Only the text of the entries below should be returned, exactly as given, without pictures.
BEGIN
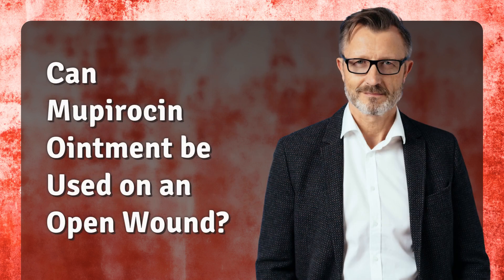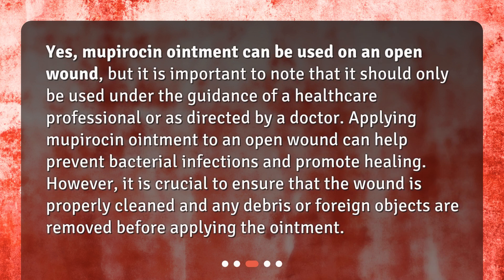Can Mupirocin ointment be used on an open wound? Yes, Mupirocin ointment can be used on an open wound, but it should only be used under the guidance of a healthcare professional or as directed by a doctor. Applying Mupirocin ointment can help prevent bacterial infections and promote healing. However, it is crucial to ensure that the wound is properly cleaned and any debris or foreign objects are removed before applying the ointment.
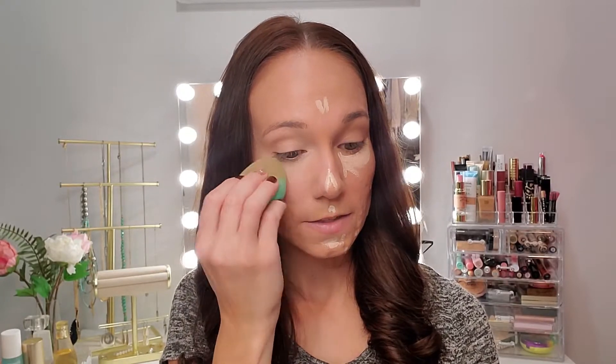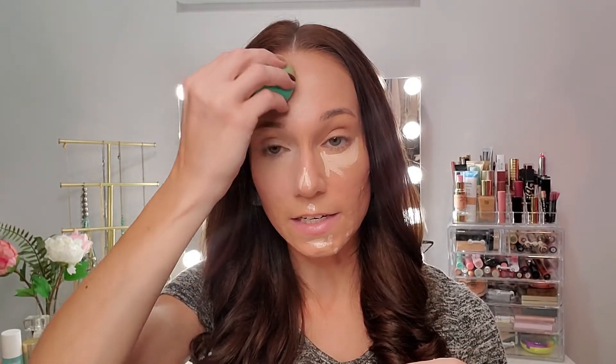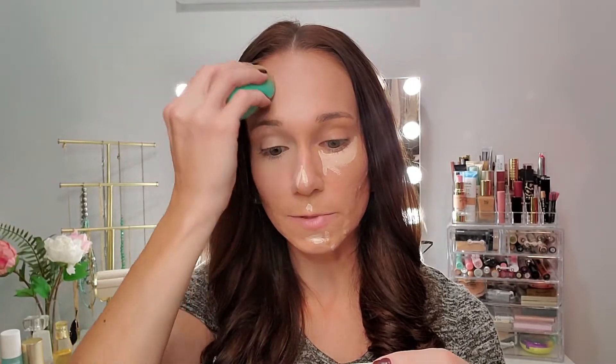While I'm blending this, let me read you the side of the packaging. It says this is anti-aging and skin-loving — it has hydrolyzed collagen, antioxidants, drops of light technology, and peptides. It is developed with plastic surgeons and dermatologists, clinically tested, paraben free, and cruelty free. That is a good list of things we are looking for.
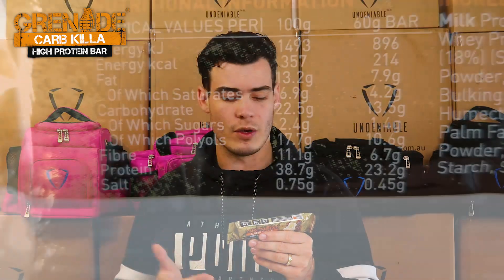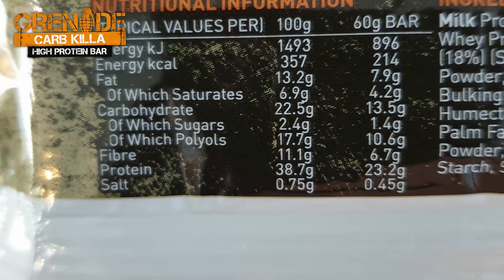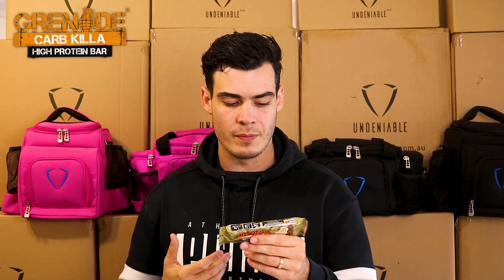This is the Caramel Chaos. Stats on the back here — looking at 214 calories, which is good. 7.9 grams of fat, that's pretty good, just sort of high average I guess. You're looking at 13.5 grams of carbohydrates, which is good. It says of which is sugars, and of which is polys, which I'm assuming is maybe the fiber breaking down — that's 10.6 — but included in that carbohydrate total. So if that is the case, it's really good to see that these guys are actually doing that on the back, because it's pretty rare for that to happen with a protein bar.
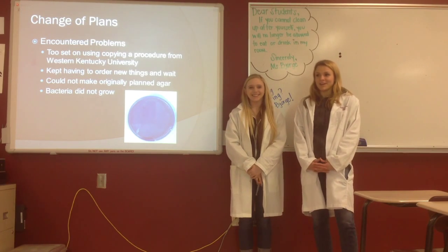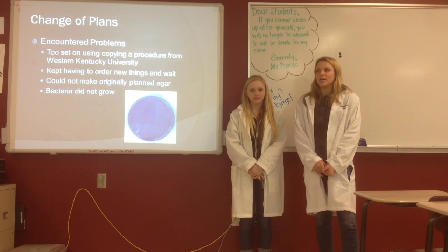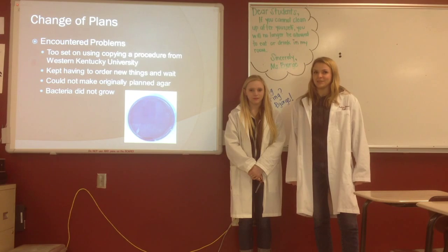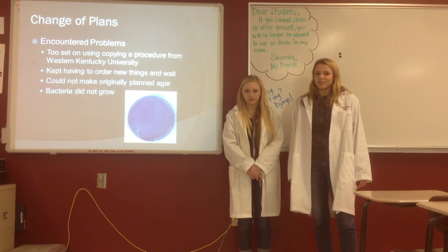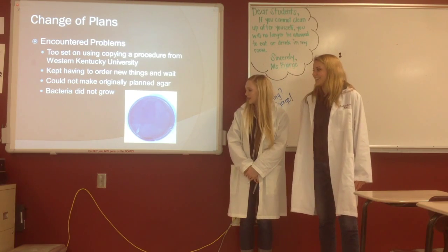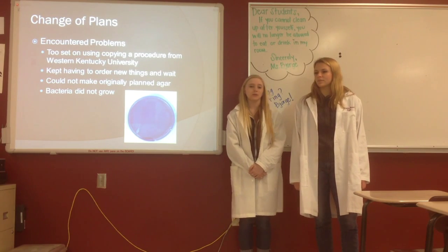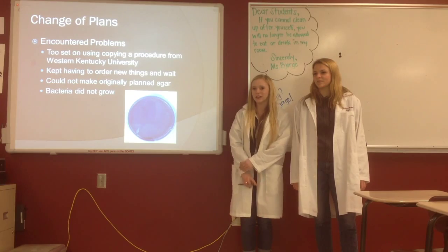We had a lot of problems throughout our lab. First of all, we were way too set on using a procedure we found online through Western Kentucky University. It had all the steps we needed, but we realized pretty soon after we started that we were not going to have the same materials they used, so we had to change almost everything. We kept having to order new things, and waiting for them to arrive took a lot of time, so we didn't get to grow bacteria. Part of the reason our bacteria didn't grow was also our struggles making our liquid culture of the MSNA — we didn't fully understand that we needed to add tween to it to prevent bacterial clumping. So we think that's another reason why our bacteria couldn't grow on our plates.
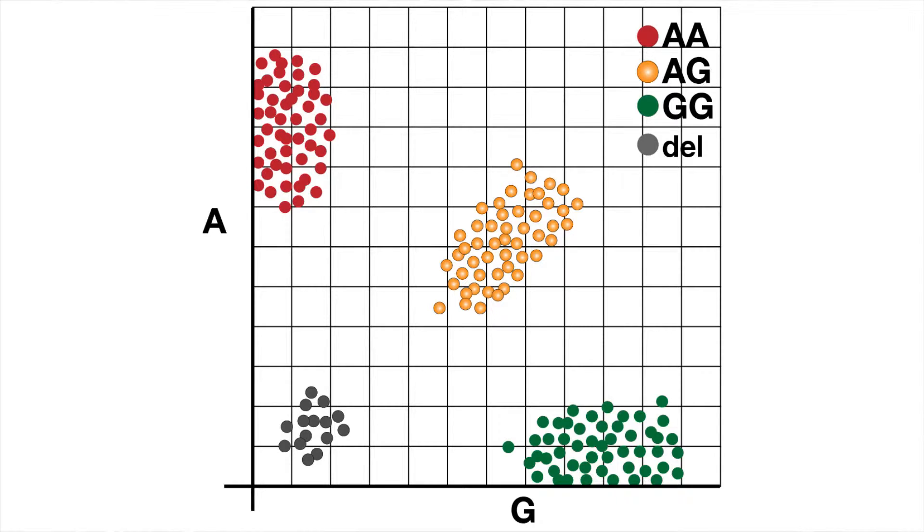There are also situations where we get even more information. You could imagine a situation where you have a deletion of the part of the genome we're interested in. Then we'll see a new cluster apart from the other three, with lower intensity because there's less signal — because there are fewer DNA molecules. A new cluster could emerge, and it could be as infrequent as one in 10,000 or one in 100,000 people, but we'll see a little nucleus of samples there.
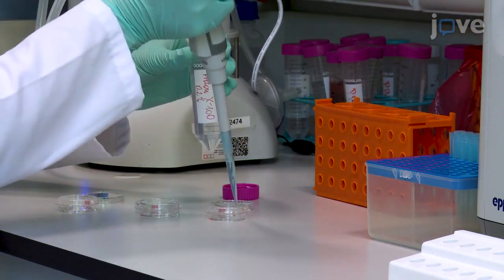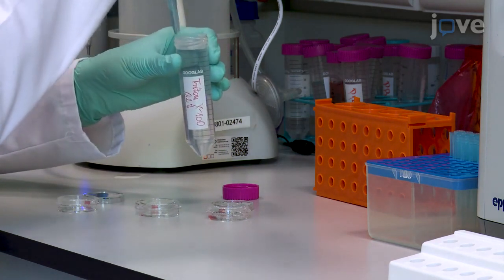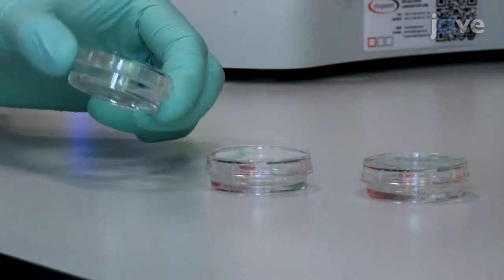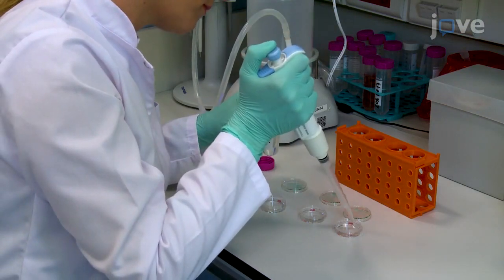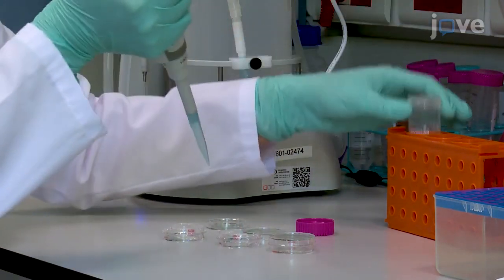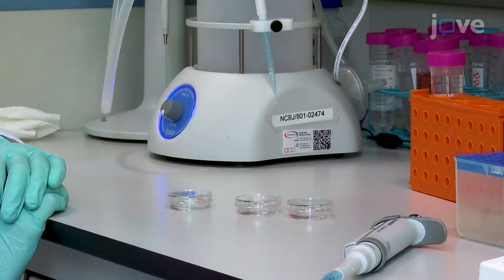Gently add 1 milliliter of 0.2% Triton X100 in PBS to cover the cover slips and incubate the cells for 5 minutes at room temperature. Wash the cells three times with PBS and block the permeabilization with 1 milliliter of 2% BSA diluted in PBS. Then incubate the cells for a minimum of 30 minutes with the 2% BSA.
END
◆ **Result**:
Can Mupirocin ointment be used on an open wound? Yes, Mupirocin ointment can be used on an open wound, but it should only be used under the guidance of a healthcare professional or as directed by a doctor. Applying Mupirocin ointment can help prevent bacterial infections and promote healing. However, it is crucial to ensure that the wound is properly cleaned and any debris or foreign objects are removed before applying the ointment.
While I'm blending this, let me read you the side of the packaging. It says this is anti-aging and skin-loving — it has hydrolyzed collagen, antioxidants, drops of light technology, and peptides. It is developed with plastic surgeons and dermatologists, clinically tested, paraben free, and cruelty free. That is a good list of things we are looking for.
This is the Caramel Chaos. Stats on the back here — looking at 214 calories, which is good. 7.9 grams of fat, that's pretty good, just sort of high average I guess. You're looking at 13.5 grams of carbohydrates, which is good. It says of which is sugars, and of which is polys, which I'm assuming is maybe the fiber breaking down — that's 10.6 — but included in that carbohydrate total. So if that is the case, it's really good to see that these guys are actually doing that on the back, because it's pretty rare for that to happen with a protein bar.
We had a lot of problems throughout our lab. First of all, we were way too set on using a procedure we found online through Western Kentucky University. It had all the steps we needed, but we realized pretty soon after we started that we were not going to have the same materials they used, so we had to change almost everything. We kept having to order new things, and waiting for them to arrive took a lot of time, so we didn't get to grow bacteria. Part of the reason our bacteria didn't grow was also our struggles making our liquid culture of the MSNA — we didn't fully understand that we needed to add tween to it to prevent bacterial clumping. So we think that's another reason why our bacteria couldn't grow on our plates.
There are also situations where we get even more information. You could imagine a situation where you have a deletion of the part of the genome we're interested in. Then we'll see a new cluster apart from the other three, with lower intensity because there's less signal — because there are fewer DNA molecules. A new cluster could emerge, and it could be as infrequent as one in 10,000 or one in 100,000 people, but we'll see a little nucleus of samples there.
Gently add 1 milliliter of 0.2% Triton X100 in PBS to cover the cover slips and incubate the cells for 5 minutes at room temperature. Wash the cells three times with PBS and block the permeabilization with 1 milliliter of 2% BSA diluted in PBS. Then incubate the cells for a minimum of 30 minutes with the 2% BSA.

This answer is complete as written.